→ Work required:
Exactly reproduce the lines from the one containing "Victoria's Secret PINK" through the last line of the data, both ends included, leaving out pictures.

[Stored data entries]
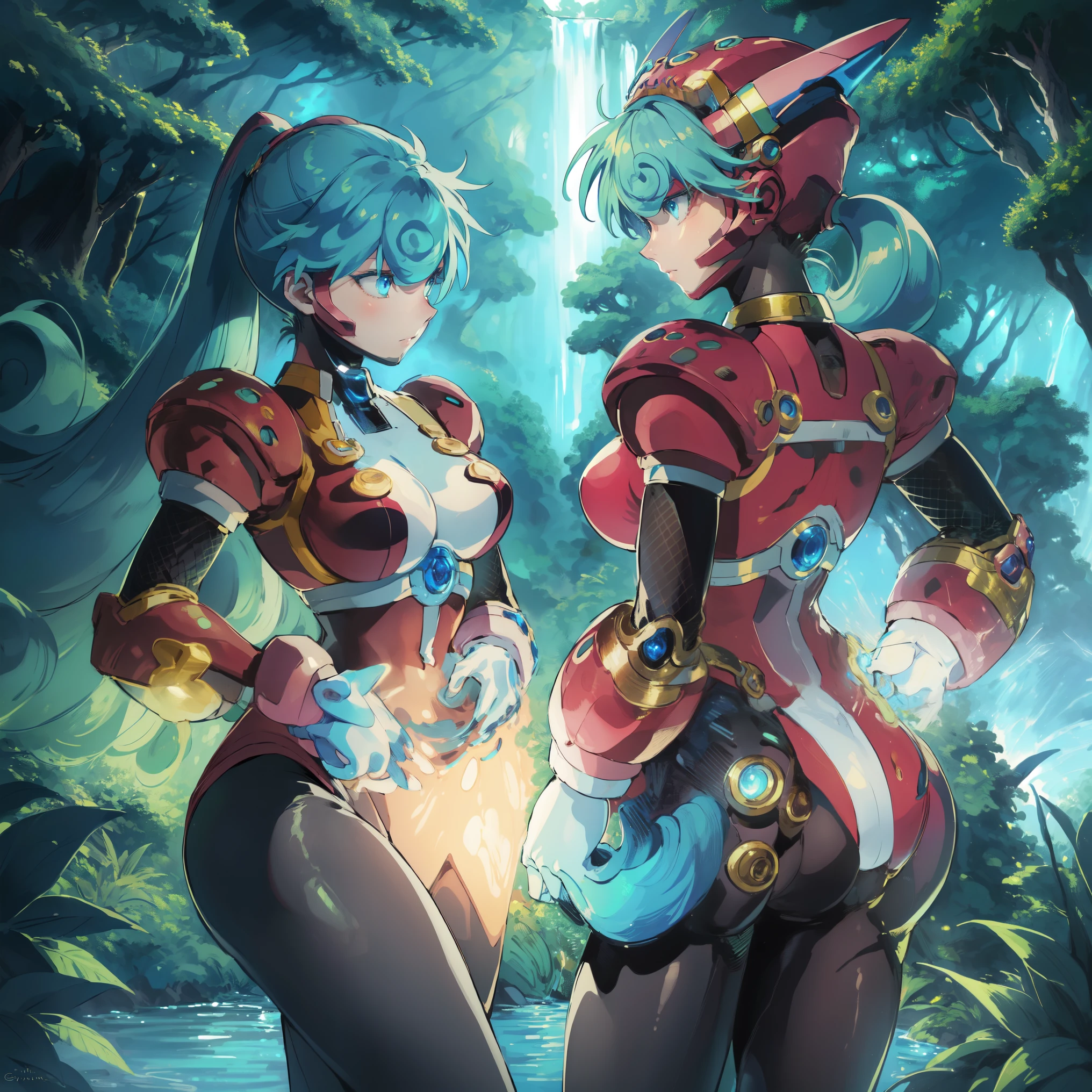 marino_megamanx, 1girl, green hair, blue eyes, ponytail, detailed face, breasts, high quality, masterpiece, in a dark forest looking out at a waterfall, in the style of ultra detailed, dark cyan and light bronze, eye-catching tags, physically based rendering, depictions of inclement weather, heavy shading, landscape inspirations
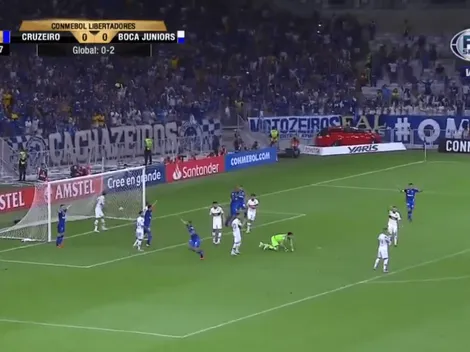 Muy polémica: Cruzeiro marcó el gol Barcos lo festejó, pero el árbitro cobró falta para Boca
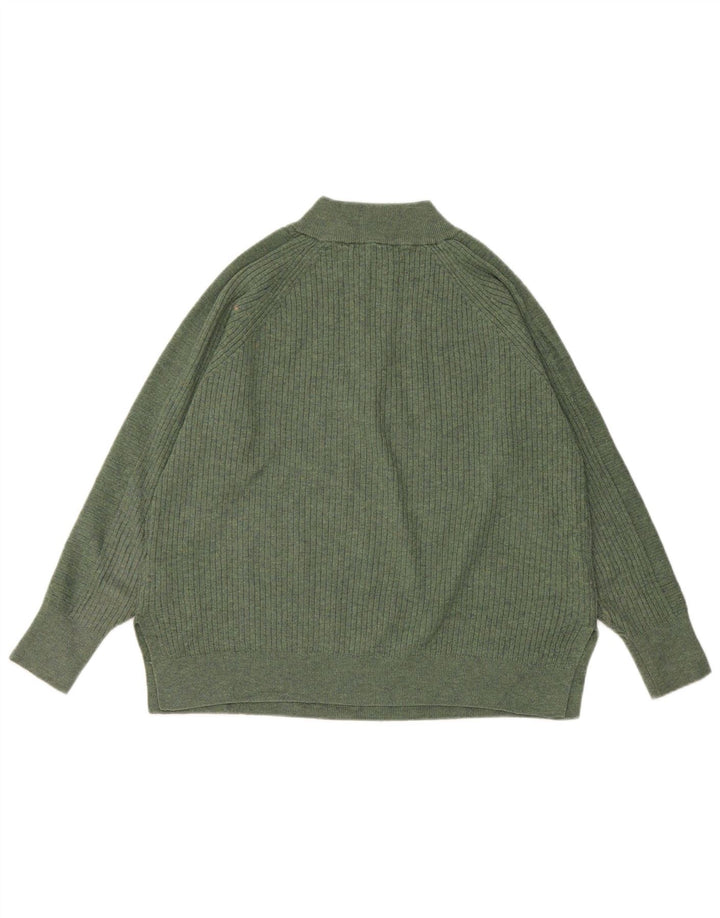 Maglione maglione con collo con zip da donna Marks & Spencer UK 14 Poliestere verde medio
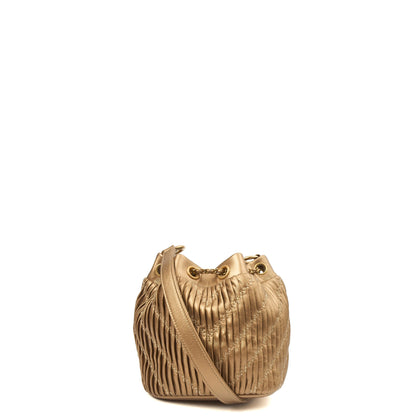 Chanel Bucket Bag Paris Cosmopolite Drawstring Bucket Bag in Metallic, Calfskin Leather — Back View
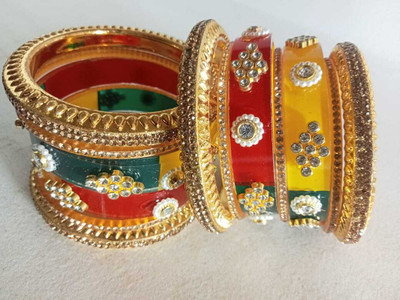 PARRAMBHA SANIRA Stone Crystal Enamel Bangle Set(Pack of 2)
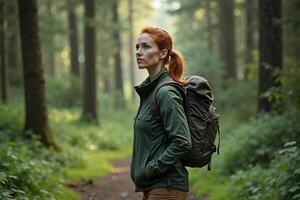 person traveler standing at the deep jungle tree photo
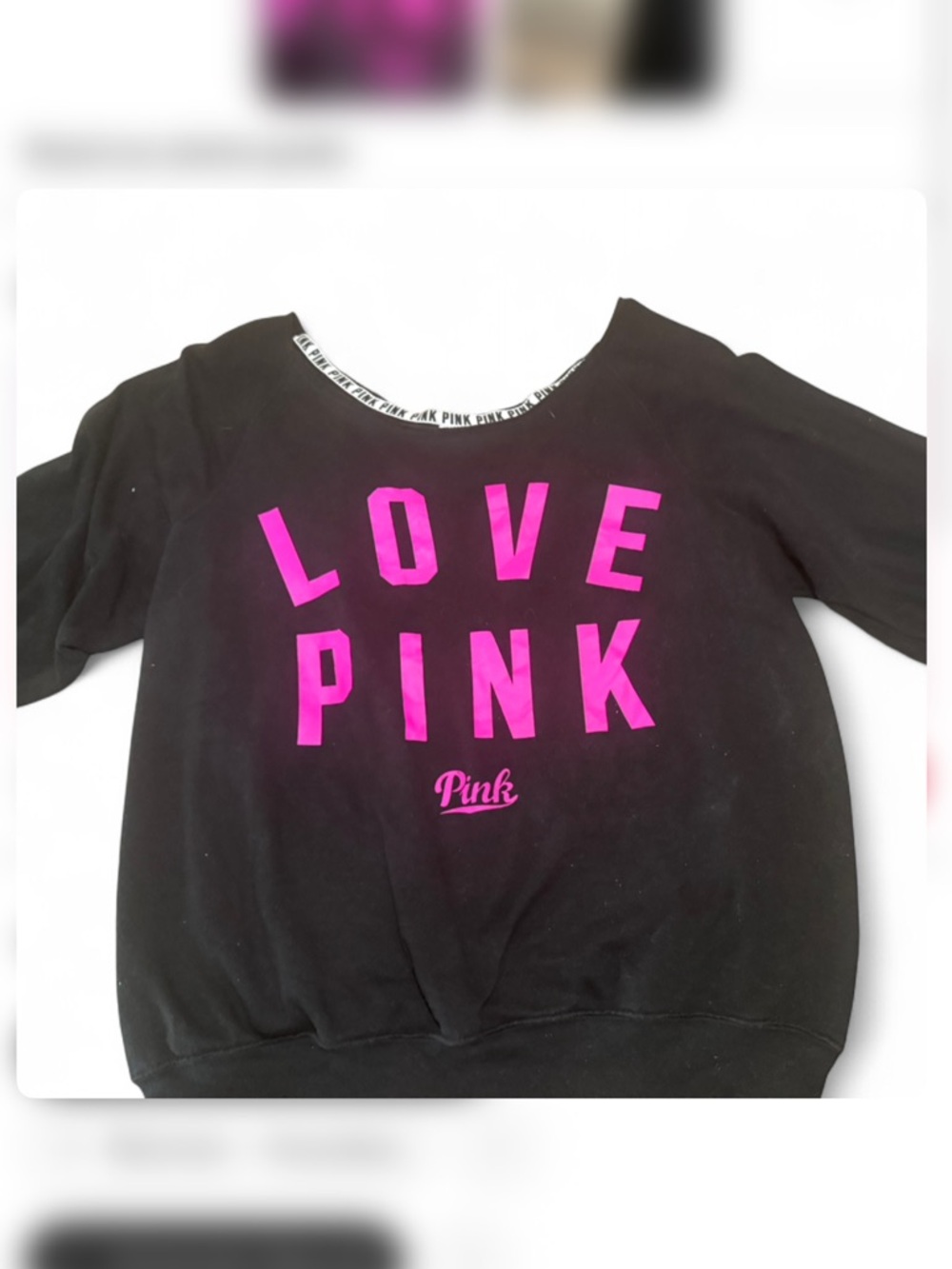 Victoria's Secret PINK Black Sweatshirt with Bright Pink Lettering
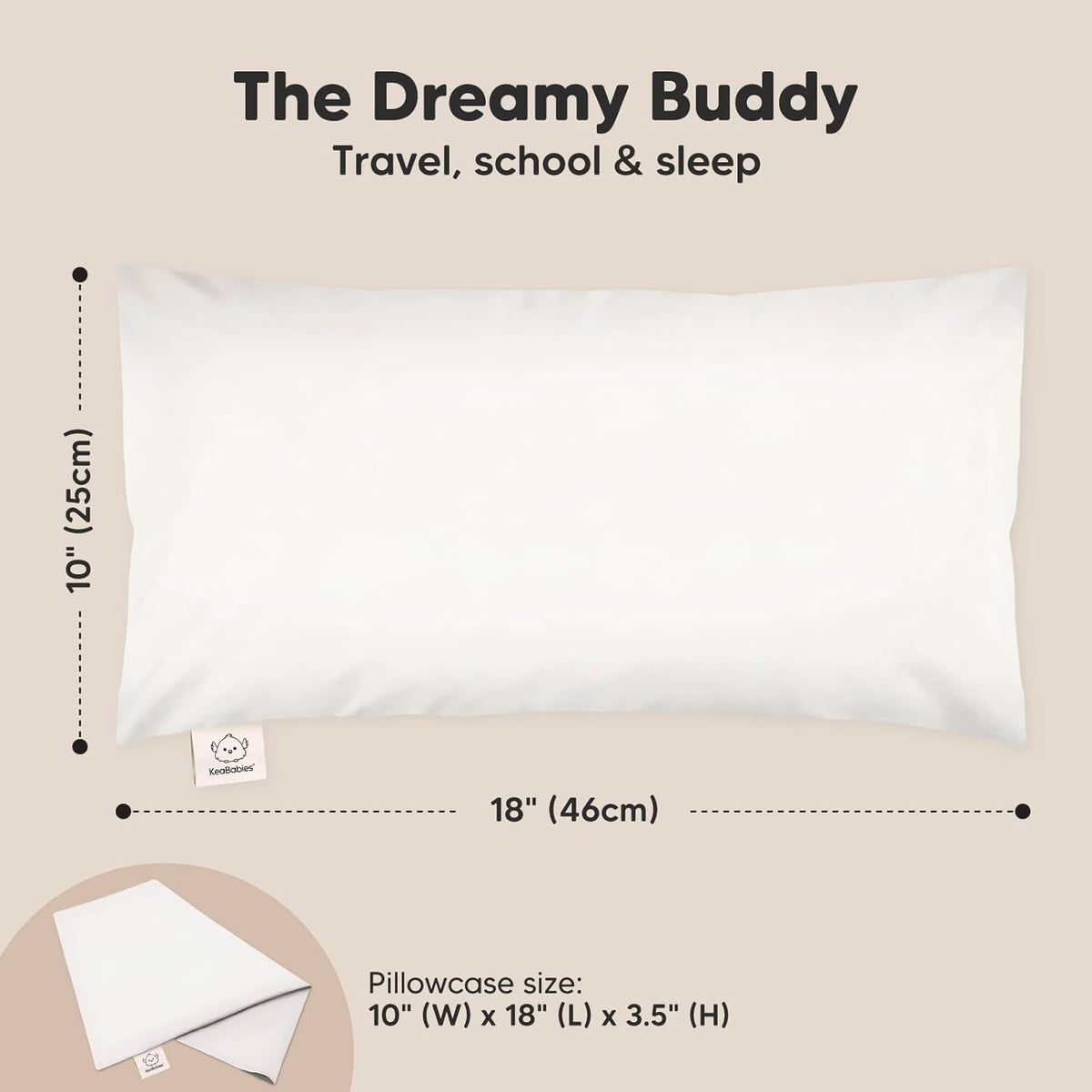 Toddler Pillow with Pillowcase - 10x18 My Little Dreamy Kids Travel Bed Pillows for Sleeping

→ Answer area:
 Victoria's Secret PINK Black Sweatshirt with Bright Pink Lettering
 Toddler Pillow with Pillowcase - 10x18 My Little Dreamy Kids Travel Bed Pillows for Sleeping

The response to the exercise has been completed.